Personally... a fully manual DSLR would be a "nice" but not really a need in my book.... I'm known to switch over to aperture and shutter priority anyways.


----------



## Iron Flatline (Aug 26, 2008)

Guys, cameras come with firmware - it would actually cost MORE money to design a camera that DOESN'T have the features. There is no savings. There is a specific reason the 50D (and whatever the follow-up to the 5D is) have the same software features as the 1Ds - because they already exist, and it is an exponential use of the code. 

People keep asking why Canon keeps incorporating that Print from Camera technology. Why? Because they have it. Leaving it out would require additional engineering. 

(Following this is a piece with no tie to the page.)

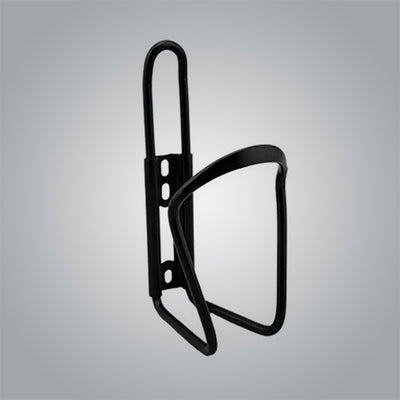 Aluminium Alloy Bottle Cage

Someday they may make a limited edition manual-only. Keep demanding it, it just might happen... but that will be many years from now, when the main battle fields are all vacated. 

VERY FEW people want an all manual camera. And most of us are perfectly happy shooting in manual - when that is the best setting - with a camera that does not limit us.


----------



## Dubious Drewski (Aug 26, 2008)

From what I can gather, I'm pretty sure the OP would become content with 3 things:

Having a focusing screen installed - this is very cheap and easy on any modern DSlr.

Maybe having some good quality manual focus primes - they're out there and the old ones are cheap.

Having a thumb wheel as well as a front-facing wheel on the body(Which the D50 lacks)  - this is something I personally could not be without and I imagine it causes you annoyance as well.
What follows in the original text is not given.